Former Toyota Australia executive Rex Gilham, one of the men responsible for bringing
Corollas Down Under says just 15 cars were in the first shipment in November 1966, the
first vehicles to be exported from Japan.

These went on sale in 1967. A year later, first locally produced models left Australian
Motor Industries’ plant in Port Melbourne, which previously had built Standard Triumph
and Mercedes-Benz vehicles among others.

Now, along comes a Cross version, a family-friendly small SUV squatting alongside the C-
HR between the smaller Yaris Cross and family favourite RAV4. The all-new Corolla
Cross comes to market in three grades – GX, GXL, and Atmos – in petrol and petrol /
electric hybrid and two- or all-wheel drive.

Prices open at $33,000 for the GX petrol 2WD, with hybrid adding $2500. Then comes
three GLXs in petrol and hybrid in two- or all-wheel drive and on to range-topping
Atmos, again in petrol and hybrid, signing off at $49,050. All totals are without on-road

On test was the GX hybrid at $35,500, which like all Corolla Crosses, is the first Toyota
in Australia to feature the new-generation Toyota multimedia system.

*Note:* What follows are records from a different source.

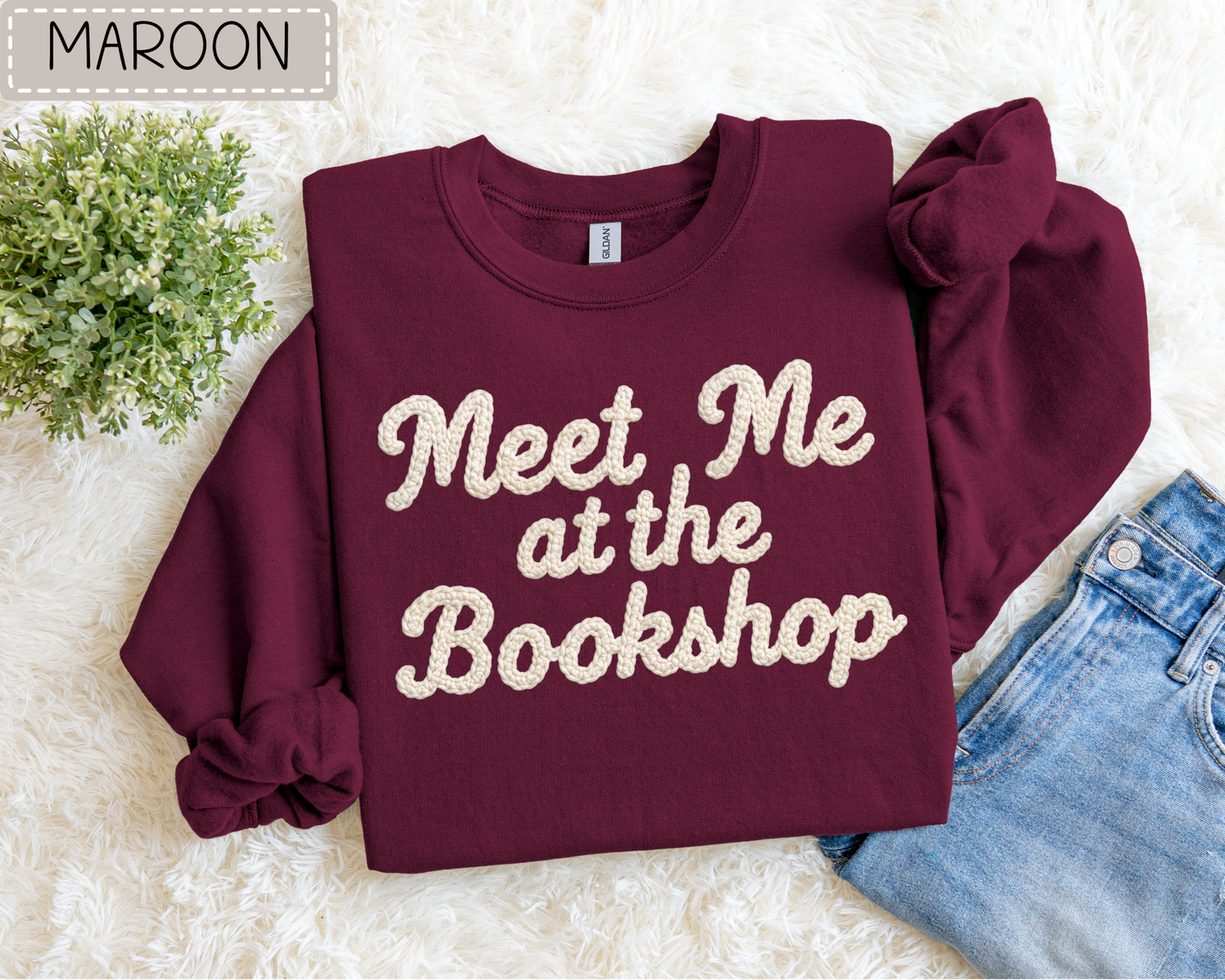 Faux Knit Meet Me At The Bookshop Sweatshirt.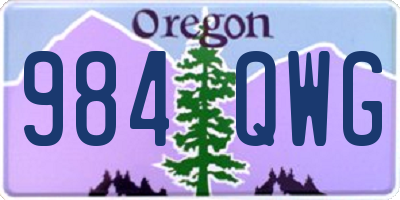 OR license plate 984QWG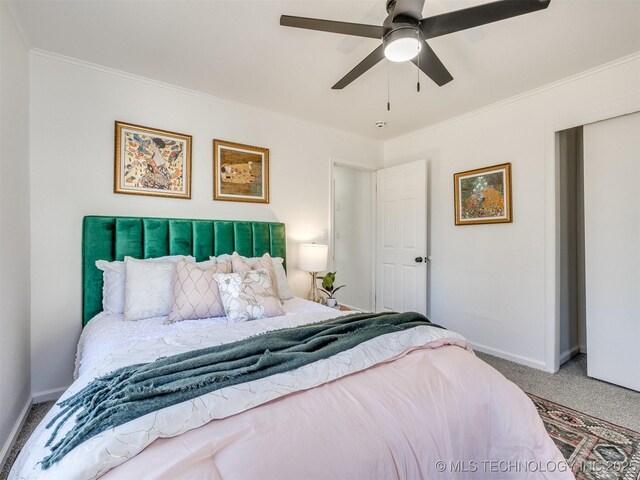 1809 N Delaware Pl, Tulsa, OK 74110 - carpeted bedroom featuring crown molding, ceiling fan, and baseboards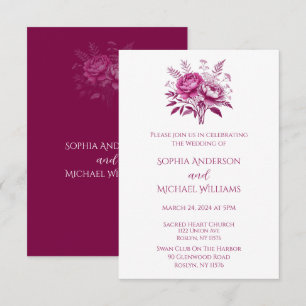 Watercolor Magenta Peony-Wedding Theme Invitation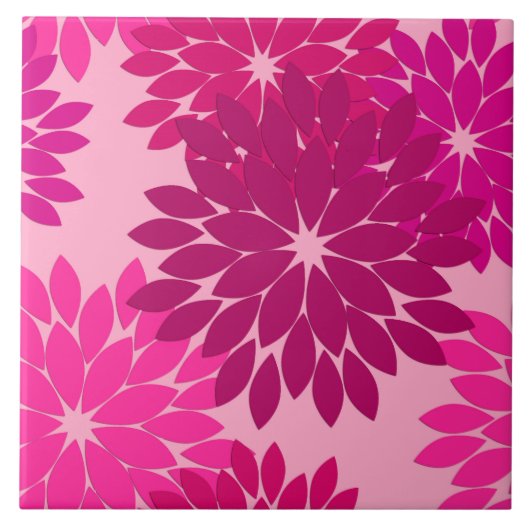 Modern Floral Kimono Print, Roze, Fuchsia and Wine Tegeltje (Voorkant)
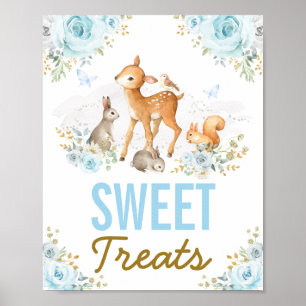 Affiche Traitements sucrés Bleu Forêt Bois Animaux Favoris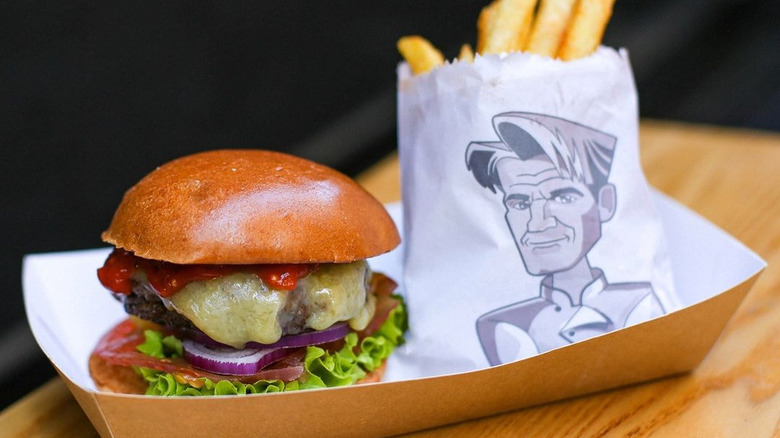 Gordon Ramsay burger and fries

The Corolla Cross is covered by Toyota Warranty Advantage, which offers up to five
years unlimited kilometre coverage extending to seven-years on engine and driveline,
with capped-price servicing for the first five years / 75,000 km and each 12-month /
15,000 km service costing $230.

The GX is distinguished on the outside by 17-inch alloy wheels, LED head and tail-
lights, automatic high beam, daytime running lights, heated and auto retractable door
mirrors and a shark fin antenna.

Character lines flow from the bonnet to the taillights. Black wheel arch and sill
mouldings denote the vehicle’s SUV intent with a hatch-top spoiler adding a sporty look.

The trapezoidal radiator grille is repeated at the rear with the taillight shape, while the
rear fenders present a flared and tapered look, not least to the narrowed roofline and
shape of the tailgate around the numberplate. A two-tone black-and-silver bumper
completes the rear end.

The Corolla Cross cabin mostly mirrors the Corolla hatch and sedan, with a roomier and
airier space that retains the sharp styling and convenient layout of its siblings.

The GX comes standard with automatic climate control, a 7-inch digital multi-information
display, electric park brake, smart entry and start, fabric seats, 60:40 split-folding rear
seats and a luggage cover.

The interior offers a wide, spacious feel, thanks to extra headroom and greater vision of
the Corolla Cross. Compared to the sedan, the eye level for drivers sits 130 mm higher,
allowing for excellent visibility all round.

An extra 43 mm of front headroom is available compared to the sedan, with an
additional 81 mm for rear passengers. Corolla Cross offers 436 litres of boot space with
the rear seat-backs in place in GX and GXL petrol models. For Atmos petrol, and GX
and GXL 2WD hybrid, rear boot space is slightly less at 425 litres.

The Corolla Cross is the first Toyota in Australia to feature the new-generation Toyota
multimedia system. This can be controlled via an 8-inch touchscreen display or steering
wheel controls, and offers wireless Apple CarPlay, wired Android Auto, DAB+ digital
radio and quality sound reproduction from a six-speaker audio system.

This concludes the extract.